宇宙輸送の未来を切り開く研究
東京理科大学の創域理工学部機械航空宇宙工学科の小笠原宏教授が率いる研究チームは、JAXAの「宇宙戦略基金 SX中核領域発展研究『SX-ARK』」において、画期的な宇宙輸送技術の実証研究を始めました。この研究の最大の特徴は、帰還用の耐熱材を不要にする再使用型ロケットタンクの開発です。このアプローチにより、ロケットの軽量化、コスト削減、整備負担の軽減が同時に達成可能になると期待されています。
技術的課題とその解決策
これまで宇宙輸送コストが高止まりしている一因は、ロケットの使い捨て構造でした。スペースシャトルの場合、環境への再突入時に耐熱材が最大18%を占めるため、これが飛行性能を損ない、また毎回の点検・交換が必要です。この問題を解決するためには、機体を大幅に軽量化する必要があります。

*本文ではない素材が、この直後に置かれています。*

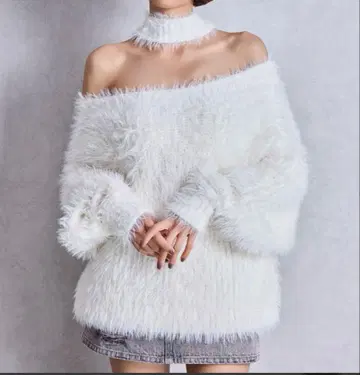 오프숄더 샤기 초커 니트탑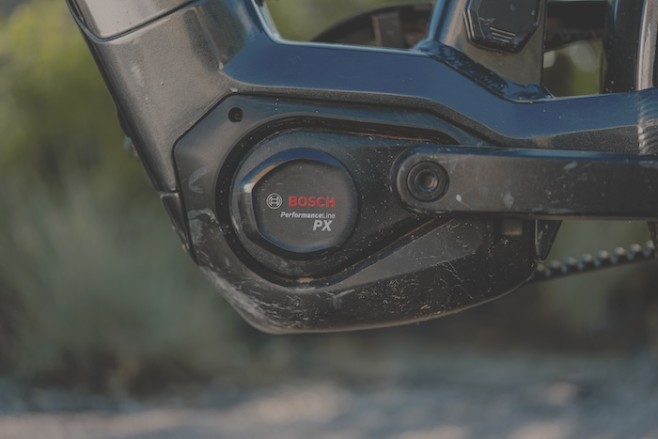 Bosch' nieuwe e-bike motor voor trekking fietsen helpt een handje met heuvels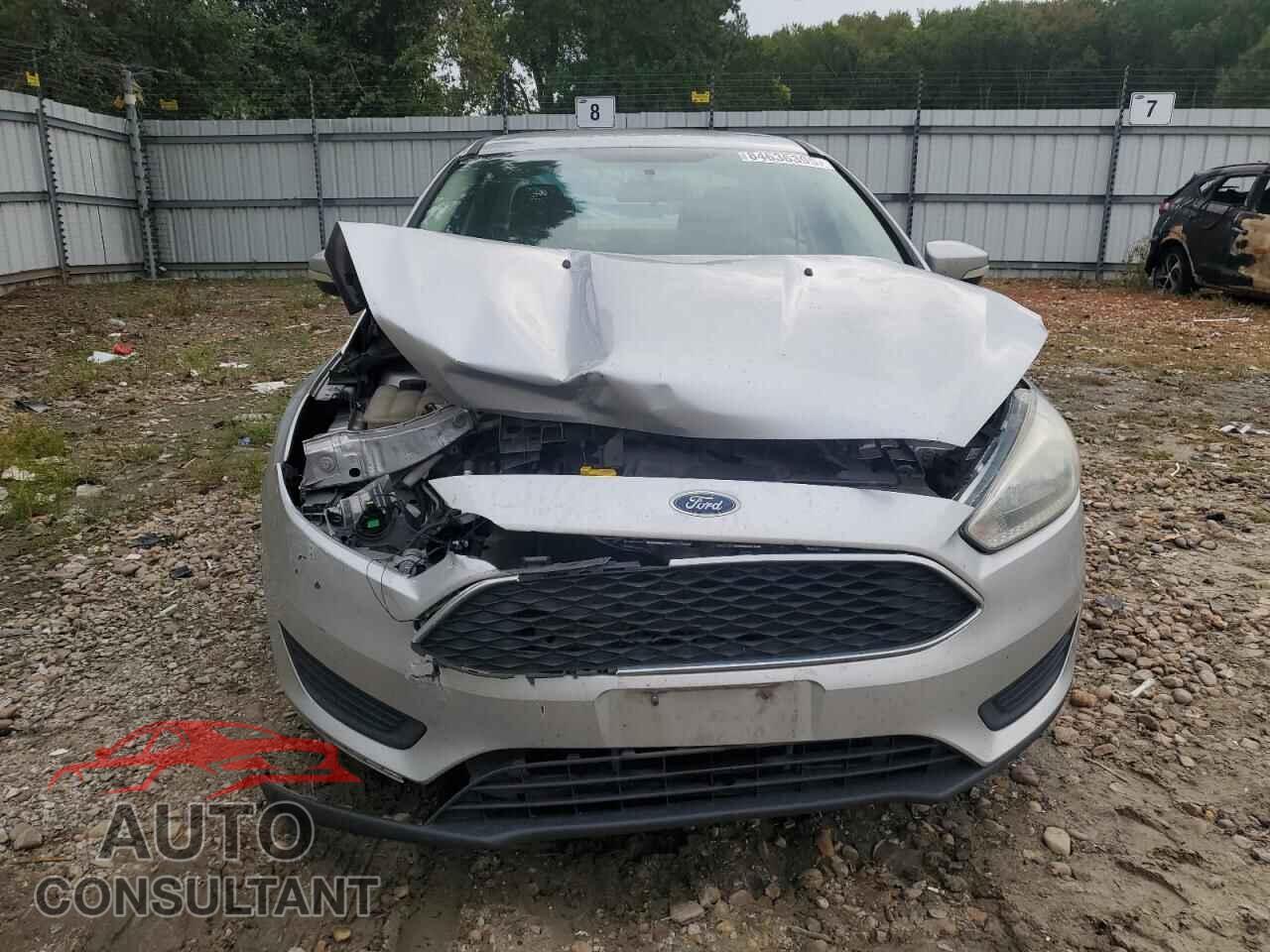 FORD FOCUS 2017 - 1FADP3F21HL272483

小笠原教授の研究グループは、この課題に挑戦し、TPS(Thermal Protection System)なしで機体の設計が成立するための条件を追求します。具体的には、ロケットタンクの内外での熱管理技術を開発し、システムの経済的メリットを明らかにすることを目指しています。
研究の実施構造
このプロジェクトの実施体制には、東京理科大学の教授陣が共同で参加します。小笠原教授が研究の全体像を指揮し、要素開発とシステム評価を推進。上野一郎教授は熱流動特性の探索、荻原慎二教授はタンク表面の光学特性の整備を担当します。また、将来宇宙輸送システム株式会社はシステム設計や経済性評価に貢献し、東京都市大学からも専門家が協力に加わります。
熱伝達特性のモデル構築
研究の第一歩として、ロケットタンク内での熱伝達特性を推定するデータベースの構築に取り組みます。タンク内面の吸熱特性を評価し、効率的な内面形状の探索を行うことで、熱管理性能を向上させることが目指されています。また、タンクの外表面形状設定においては、空力加熱低減を実現するための候補形状の決定も行われます。
実証研究の目的
本プロジェクトの最終目的は、TPSなしの再使用型ロケットシステムの実現と、宇宙輸送コストの根本的な削減です。研究完了時には、TPSなしタンクの仕様や経済性、そしてシステム重量の比較等、具体的なアウトプットを提示つい、宇宙産業の発展に寄与することを期待されています。
この革新的な研究を通じて、東京理科大学は人類が宇宙にアクセスできる未来を切り開く一步を踏み出します。誰もが宇宙を身近に感じられる時代の到来が待ち遠しいです。